__THE TASK__.
Find and copy every line in the records that includes the string "image".

__RAW DATA__.
*-*-*

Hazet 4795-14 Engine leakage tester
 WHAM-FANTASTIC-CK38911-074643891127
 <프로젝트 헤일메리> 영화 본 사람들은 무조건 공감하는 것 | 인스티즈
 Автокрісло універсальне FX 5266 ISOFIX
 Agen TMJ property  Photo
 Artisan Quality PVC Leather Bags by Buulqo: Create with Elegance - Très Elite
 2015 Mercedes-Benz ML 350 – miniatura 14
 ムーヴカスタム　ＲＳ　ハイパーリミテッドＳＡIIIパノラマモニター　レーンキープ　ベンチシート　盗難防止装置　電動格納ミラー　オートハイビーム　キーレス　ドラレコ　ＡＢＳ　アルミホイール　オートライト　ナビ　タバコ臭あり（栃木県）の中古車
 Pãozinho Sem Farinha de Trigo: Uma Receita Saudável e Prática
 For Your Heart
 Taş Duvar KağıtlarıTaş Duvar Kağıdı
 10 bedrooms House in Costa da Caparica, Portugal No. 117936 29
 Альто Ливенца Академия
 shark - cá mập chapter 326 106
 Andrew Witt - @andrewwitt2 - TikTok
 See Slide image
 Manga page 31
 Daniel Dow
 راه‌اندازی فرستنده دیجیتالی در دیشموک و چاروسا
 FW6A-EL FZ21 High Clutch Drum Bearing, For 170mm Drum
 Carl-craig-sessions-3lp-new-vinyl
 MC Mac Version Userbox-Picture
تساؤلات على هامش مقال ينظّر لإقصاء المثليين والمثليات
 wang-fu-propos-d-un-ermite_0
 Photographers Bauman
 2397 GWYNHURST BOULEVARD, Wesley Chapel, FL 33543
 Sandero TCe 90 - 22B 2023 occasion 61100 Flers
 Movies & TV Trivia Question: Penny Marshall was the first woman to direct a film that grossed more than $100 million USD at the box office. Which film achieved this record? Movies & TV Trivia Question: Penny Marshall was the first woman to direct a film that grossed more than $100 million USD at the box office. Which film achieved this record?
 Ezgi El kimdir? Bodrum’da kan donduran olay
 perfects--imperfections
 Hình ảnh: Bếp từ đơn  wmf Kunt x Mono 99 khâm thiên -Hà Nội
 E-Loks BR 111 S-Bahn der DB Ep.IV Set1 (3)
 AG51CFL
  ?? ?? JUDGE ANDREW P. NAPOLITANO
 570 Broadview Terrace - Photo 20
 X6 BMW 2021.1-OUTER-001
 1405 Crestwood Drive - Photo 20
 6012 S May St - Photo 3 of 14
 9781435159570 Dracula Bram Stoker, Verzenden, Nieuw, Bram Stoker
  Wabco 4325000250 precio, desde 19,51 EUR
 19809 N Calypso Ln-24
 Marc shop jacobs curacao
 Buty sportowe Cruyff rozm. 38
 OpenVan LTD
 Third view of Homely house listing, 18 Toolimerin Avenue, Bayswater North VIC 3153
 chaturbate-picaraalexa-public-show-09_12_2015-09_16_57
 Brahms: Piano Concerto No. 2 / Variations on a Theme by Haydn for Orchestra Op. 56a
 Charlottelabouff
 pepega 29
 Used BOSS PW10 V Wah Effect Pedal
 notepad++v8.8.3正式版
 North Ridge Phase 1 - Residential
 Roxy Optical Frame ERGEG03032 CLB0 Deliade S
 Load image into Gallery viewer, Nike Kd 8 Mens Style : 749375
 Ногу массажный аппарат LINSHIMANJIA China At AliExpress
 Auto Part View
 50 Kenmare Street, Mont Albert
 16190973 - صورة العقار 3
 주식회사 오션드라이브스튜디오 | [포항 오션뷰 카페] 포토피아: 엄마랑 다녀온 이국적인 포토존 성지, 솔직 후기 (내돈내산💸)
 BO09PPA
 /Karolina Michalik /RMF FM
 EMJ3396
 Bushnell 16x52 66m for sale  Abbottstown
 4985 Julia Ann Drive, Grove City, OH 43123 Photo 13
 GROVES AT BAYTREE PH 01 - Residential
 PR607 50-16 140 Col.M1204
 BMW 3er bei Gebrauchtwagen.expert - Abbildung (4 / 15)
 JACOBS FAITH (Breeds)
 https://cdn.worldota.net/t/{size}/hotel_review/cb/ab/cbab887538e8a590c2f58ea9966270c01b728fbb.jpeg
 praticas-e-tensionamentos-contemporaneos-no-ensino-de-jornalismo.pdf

*-*-*

__ANSWER AREA__.
 See Slide image
 Load image into Gallery viewer, Nike Kd 8 Mens Style : 749375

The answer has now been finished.